The Democratic challengers to the three politicians gave responses.

The campaign of George Latimer (D-Rye), who is Cohen's opponent in the 37th Senate District, sent the following: "The truth is Bob Cohen and his Senate Republican allies are too busy supporting outsourcers moving jobs out of New York rather than addressing the needs of small businesses in Westchester. George Latimer is the only candidate in this race that has a plan to cut taxes, create jobs and help small businesses."

Ball's challenger in the 40th Senate District, Justin Wagner (D-Croton-on-Hudson), had a statement as well, noting his own tax cuts proposal for small businesses. The statement also read that Wagner is in favor of a minimum wage increase.

Castelli's challenger for the 93rd Assembly District, White Plains Democrat David Buchwald, also weighed in with a campaign statement.

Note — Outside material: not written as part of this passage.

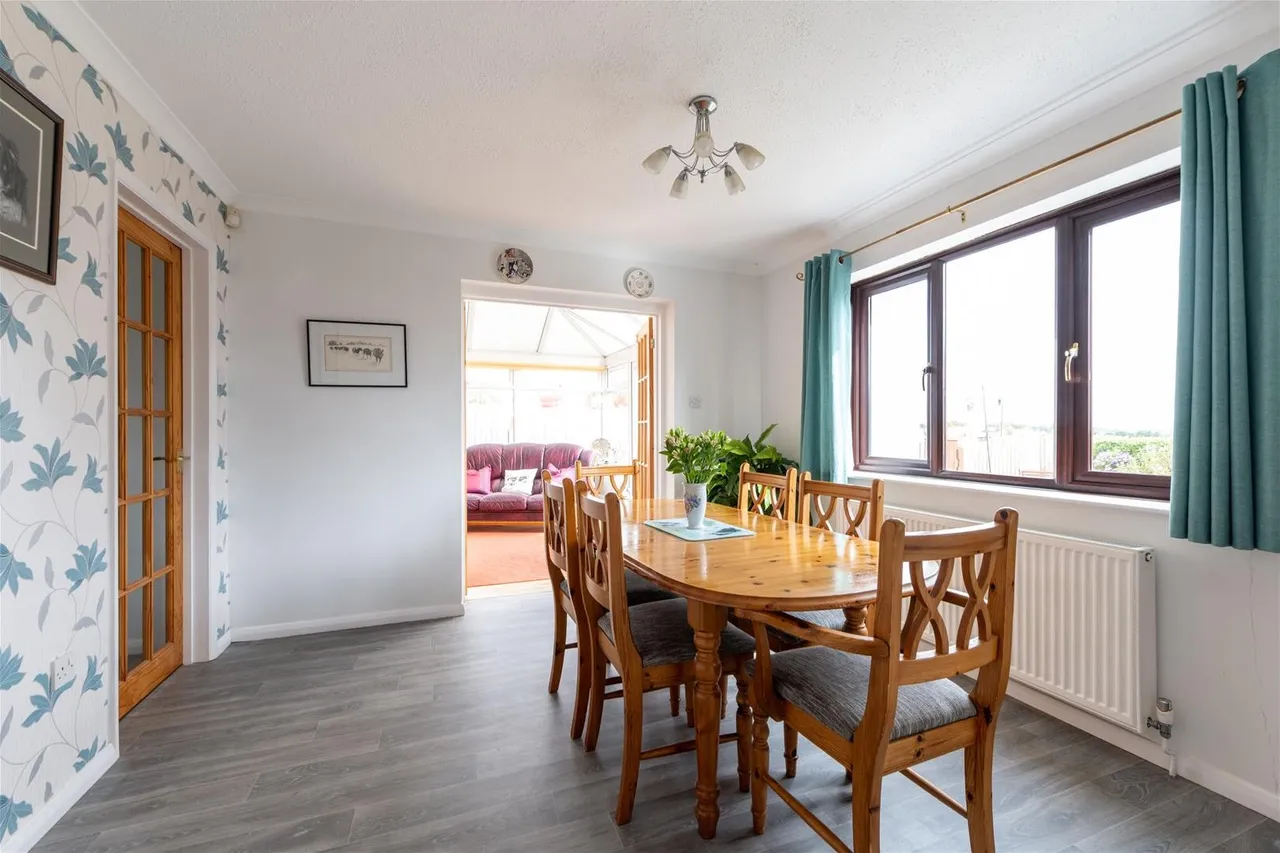 Pitts Orchard, Sturminster Newton DT10 1ER, photo 11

"It's astonishing to me that Assemblyman Castelli is out fighting for a bill that he won’t even sponsor in the Assembly. This is just another political press stunt to try to trick voters into thinking he is working to improve the business climate in our community. We need a representative that will actually work to improve our economy not just stand with other elected officials and talk about it. In Albany, I will fight for tax credits for businesses that create jobs, state investments in infrastructure projects to put New Yorkers back to work and make New York more business friendly and competitive.”

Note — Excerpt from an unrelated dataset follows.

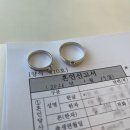 부산진구청 | 부산진구청 혼인신고 후기(포토존, 주차,선물)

The 40th Senate District includes most of northern Westchester County, eastern Putnam County and two towns in Dutchess County. The 37th Senate District includes large portions of southern Westchester, plus the towns of Bedford and North Castle in northern Westchester. The 93rd Assembly district includes northeastern Westchester, and parts of central and southern Westchester.

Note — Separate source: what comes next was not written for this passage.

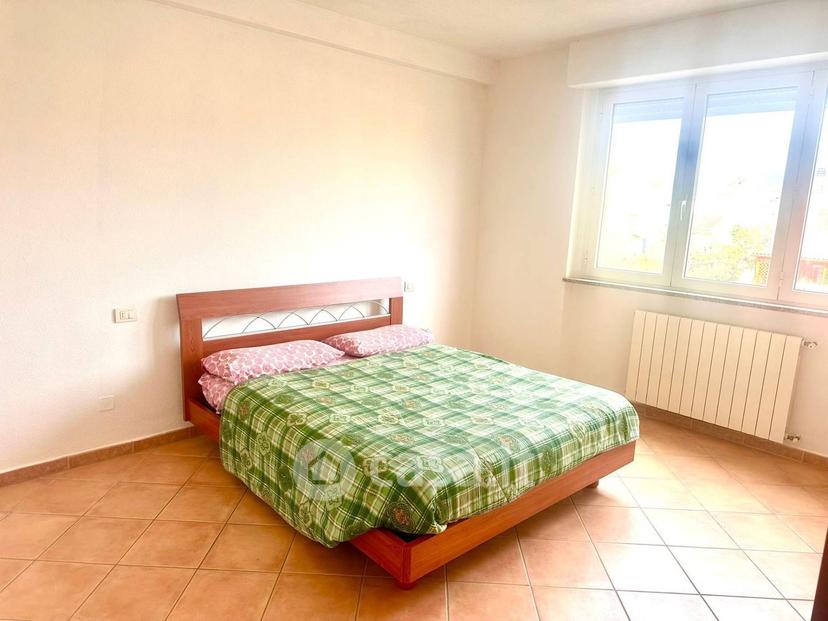Appartamento in Via Copernico 5 — foto 7 di 23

Billy October 09, 2012 at 04:03 PM
George Latimer is OK with these terms, well actuallyhe doesn't think these terms are generous enough & that our teachers are underpaid. You can afford to pay even higher school taxes can't you?
bruiser October 09, 2012 at 06:35 PM
Ross i know better than you it is not 1935,but i am old enough to remember when unions were just starting to take hold.I remember when my parents and grand parents were working at standard brands,and sorry to inform every body that job was dangerous my friend and remember the stories they told about walking around like zombies because they were dead on their feet,that is what i remember. It was not until the threat of unionization until the safe practices were implemented,you or nobody else can ever tell me corporations will not rip the American workers off if they are given the chance because they will,history shows it.
bruiser October 09, 2012 at 06:41 PM
Ross the best way for me to sum up how i feel is,as long as there are unions and strong ones the people are the winners, corporations are ruthless my friend and the threat of unions is what keeps them honest and if you get rid of them what is to stop them from becoming ruthless again.
Harold1968 October 09, 2012 at 07:11 PM
Bruiser, 93.1% of private sector workers don't work for unions.....and the overwhelming majority of the 93.1% aren't making minimum wage. So I don't think your theory of unions keeping greedy corporations from making everyone minimum wage slaves holds much water. The corporate world is based on the supply and demand of talent.
bruiser October 09, 2012 at 07:49 PM
Harold i travel all over this country, and everywhere i go and every body i deliver to say the same thing(they do not want union people they are afraid of having to pay a higher wage to people.) If you think for for a NY minute that corporations are not frothing at the mouth you are sadly mistaken.